● Extracted records
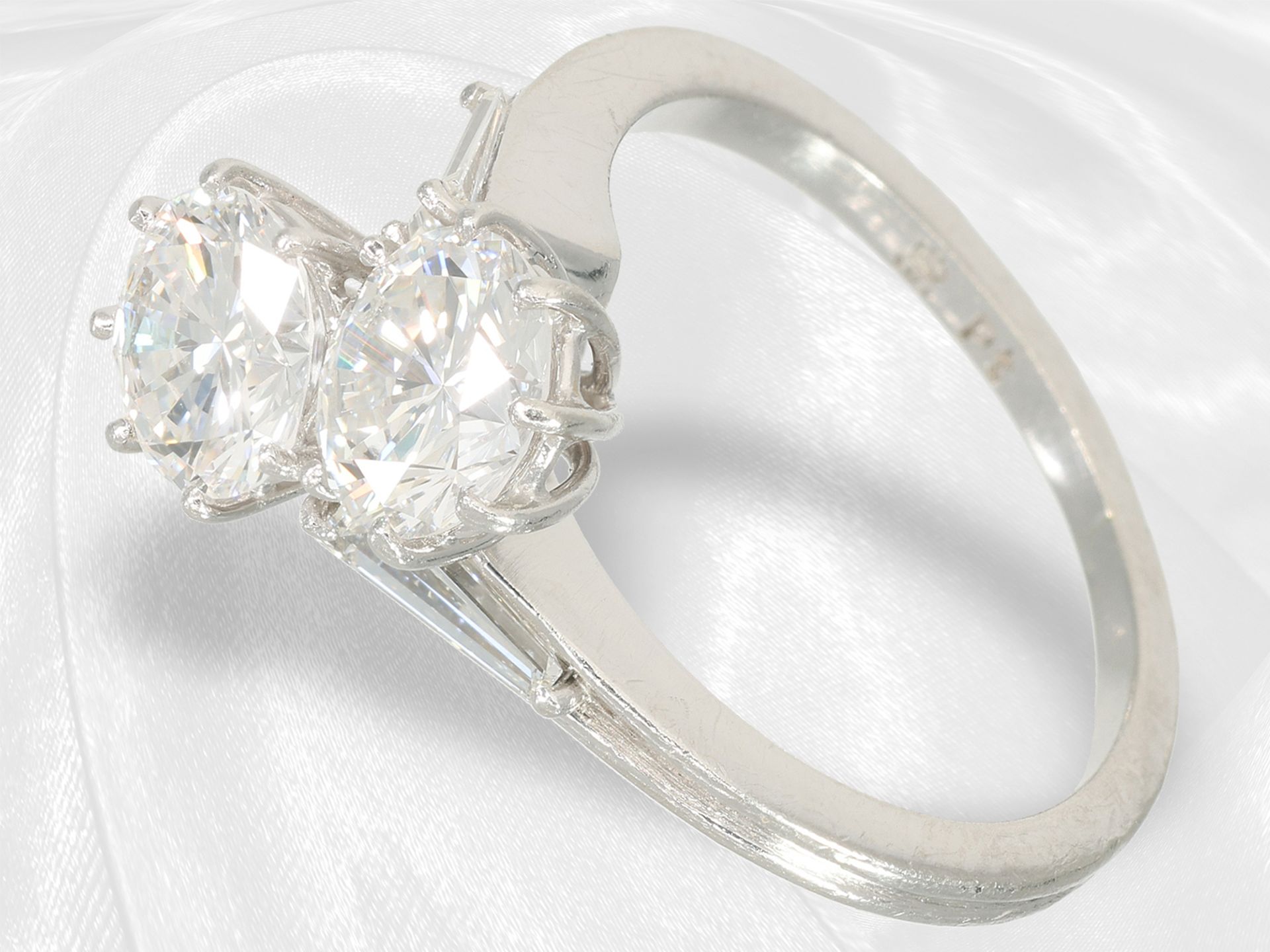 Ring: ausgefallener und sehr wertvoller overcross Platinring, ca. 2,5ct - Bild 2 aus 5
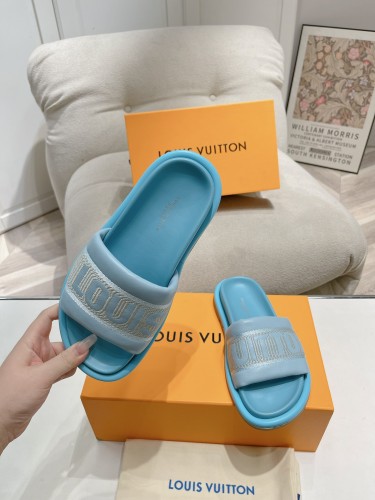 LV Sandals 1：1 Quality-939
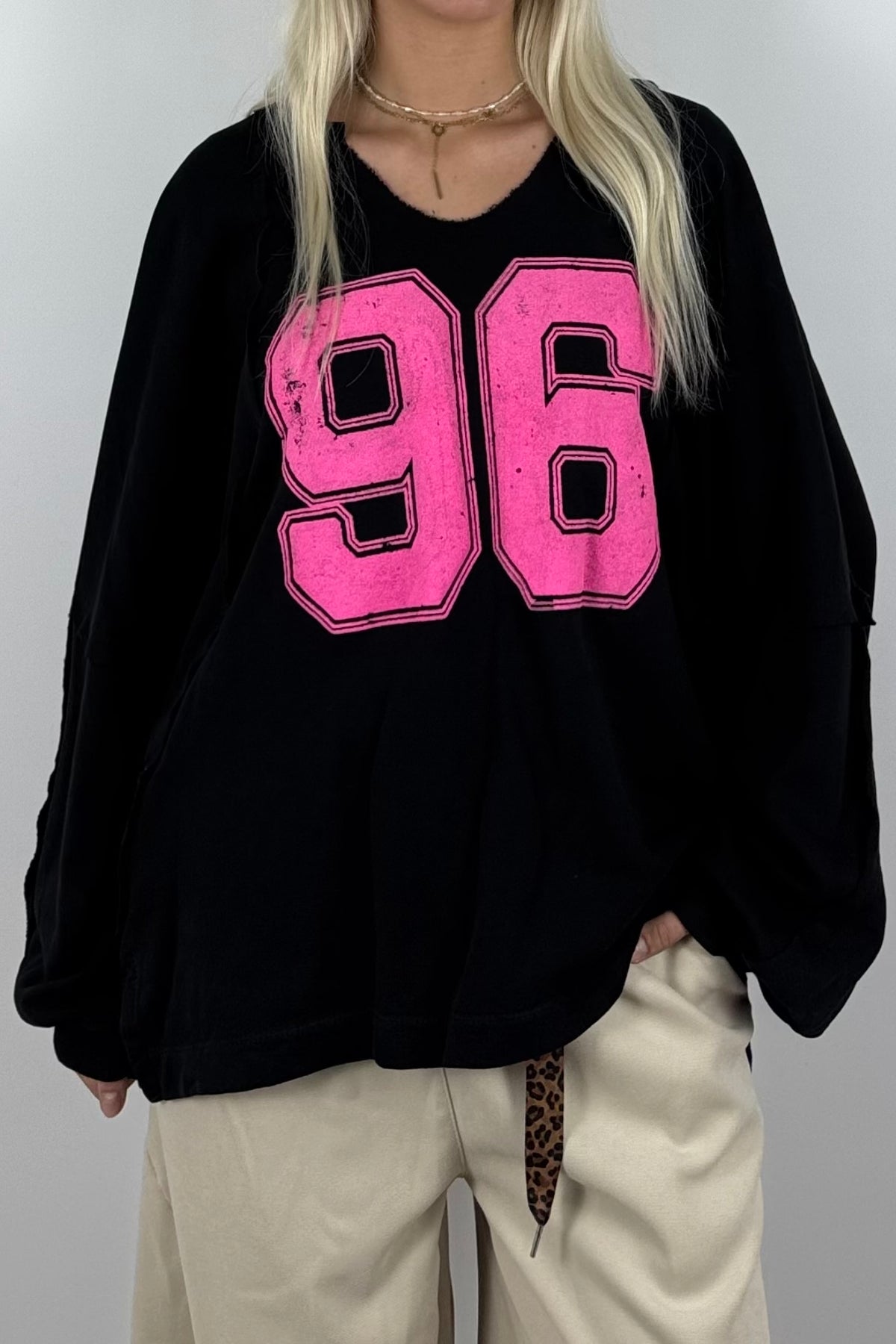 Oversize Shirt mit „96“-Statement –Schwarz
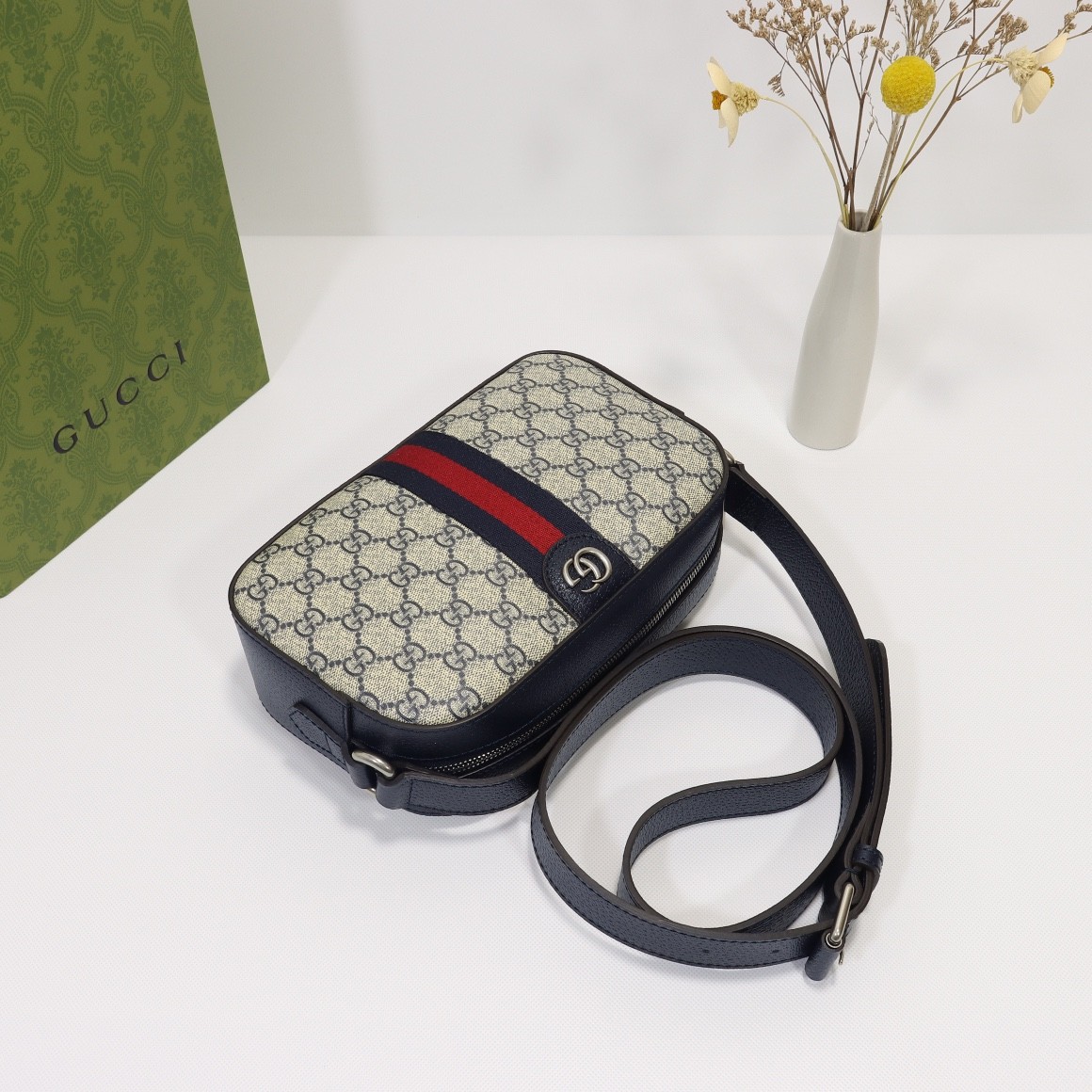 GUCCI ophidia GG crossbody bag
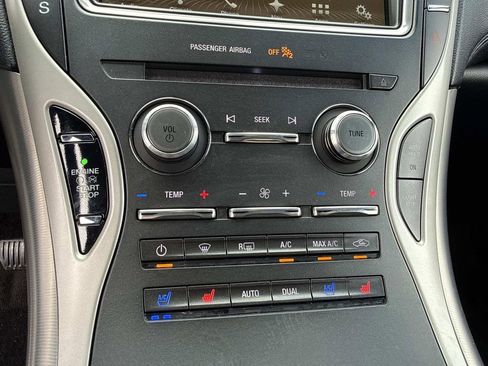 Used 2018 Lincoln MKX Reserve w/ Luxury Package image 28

● WHAT THE TASK ASKS
Repeat all of the entries above word for word and omit the pictures.

● EXPECTED ANSWER
 Ring: ausgefallener und sehr wertvoller overcross Platinring, ca. 2,5ct - Bild 2 aus 5
 LV Sandals 1：1 Quality-939
 Oversize Shirt mit „96“-Statement –Schwarz
 GUCCI ophidia GG crossbody bag
 Used 2018 Lincoln MKX Reserve w/ Luxury Package image 28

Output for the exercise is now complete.